The powerful lawyers’ group, which is holding its annual convention in Washington this weekend, has spawned such conservative nominees of President Bush as appeals court Judge William Pryor and Supreme Court Justice Samuel Alito.

The group is staging a tribute to Justice Antonin Scalia Thursday night, an event at which Alito will speak.

Polite, not overwhelming response
In his speech to a packed ballroom at a Washington hotel, McCain assured the group that despite last week’s sobering election returns for Republicans, “the election was not an affirmation of the other party’s program. Try as hard as I could, I couldn’t find much evidence that my Democratic friends were offering anything that resembled a coherent platform.”

McCain asserted that “the majority of Americas still consider themselves conservatives, or right of center.”

He spoke of the importance of judges who would strictly interpret the Constitution.

“They should be people who respect the limited scope afforded federal judges under the Constitution,” he said.

The reaction from the Federalists was polite, but not overwhelming. Last year another GOP presidential contender, Massachusetts Gov. Mitt Romney, got a similarly friendly reception when he addressed the group.

McCain 'A problem among conservatives'
Some social conservatives are wary of McCain because he has never shared their enthusiasm for such causes as banning same-sex marriage.

One Republican active in judicial confirmation politics, who spoke on condition of anonymity, said of McCain the day before the speech: “He’s regarded as a problem among conservatives on several levels.”

McCain was a leader of the bipartisan Gang of 14, a group of senators who averted a vote on changing Senate rules to abolish filibusters of judicial nominees.

Several Bush nominees were filibustered and blocked in 2002 and 2003, including Miguel Estrada.

During the Estrada battle, the Republican activist said, “McCain was a whiner. He kept saying, ‘why are we having these repeated votes (to try to stop the filibuster)?’ He was obtuse; he didn’t get why the issue was important.”

Defending conservative credentials
This source called McCain’s decision to speak to the Federalists “an attempt to improve his credibility” with conservatives and “a chance to demonstrate his commitment to and knowledge of the judges issue.”

McCain explicitly addressed his role as a leader of the Gang of 14, saying he was “proud of my role persuading my fellow Republican senators to respect the limits of our own power and not abolish the (judicial) filibuster rule.”

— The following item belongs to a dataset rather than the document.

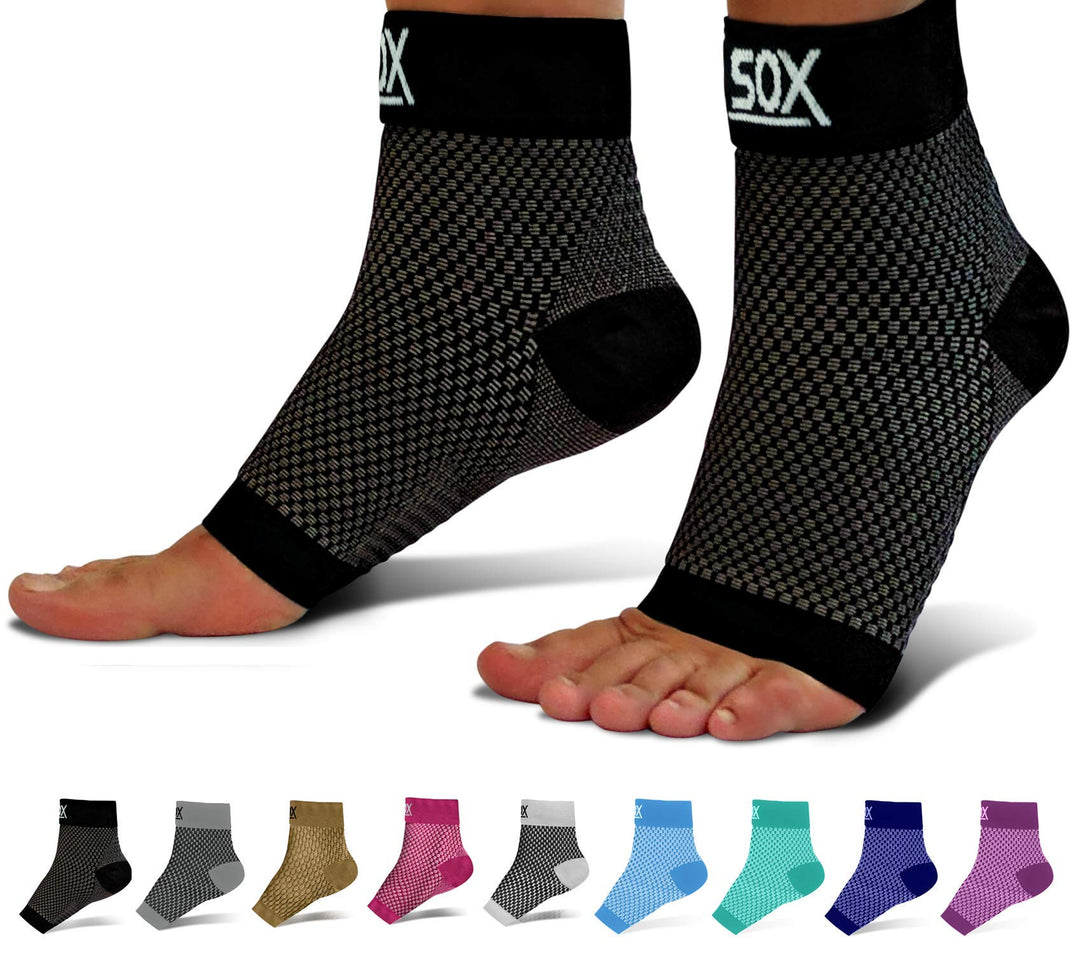 SB SOX Plantar Fasciitis Compression Socks for Women & Men - Best Arch Support for All Day Wear - Relief for Heel Pain and Night Splint Comfort (Black, X-Large)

He said he and other GOP senators had focused “on assuring that a high percentage of the president’s nominees have been confirmed. These judges and justices will interpret our Constitution as our founders intended it.”

Commitment to originalism
McCain reminded the group that he had supported the nomination even of very conservative judges such as Pryor and Janice Rogers Brown.

He lavished praise on Chief Justice John Roberts and Alito who, he said, “were serving with such distinction on our Supreme Court.”

Carter Snead, a Federalist Society member who is a law professor at Notre Dame University and former counsel to President Bush’s Council on Bioethics, praised McCain’s speech saying, “I was astonished by how far he was willing to go in broaching the subject of the kinds of judges that he admires. He essentially committed himself to originalism: he used the phrase ‘the original intent’ of the statute or Constitution. He sent a clear message that he shares President Bush’s view of the judiciary. I was surprised by how forthcoming he was.”

Another positive, but more guarded review came from first-year Harvard Law student Claudio Simpkins. “It was a very good speech, but it’s still very early for him and he’s not trying to give away too much substance,” Simpkins said.

“I question how far he would go to see more judges confirmed,” he added. “Look at what he said about the Gang of 14…. He wasn’t willing to go the full 110 percent” to see conservative nominees get Senate confirmation.”

Yet to be seen: how vigorously McCain – and other GOP senators – will fight to get Bush’s judicial nominees confirmed now that the Democrats control the Senate.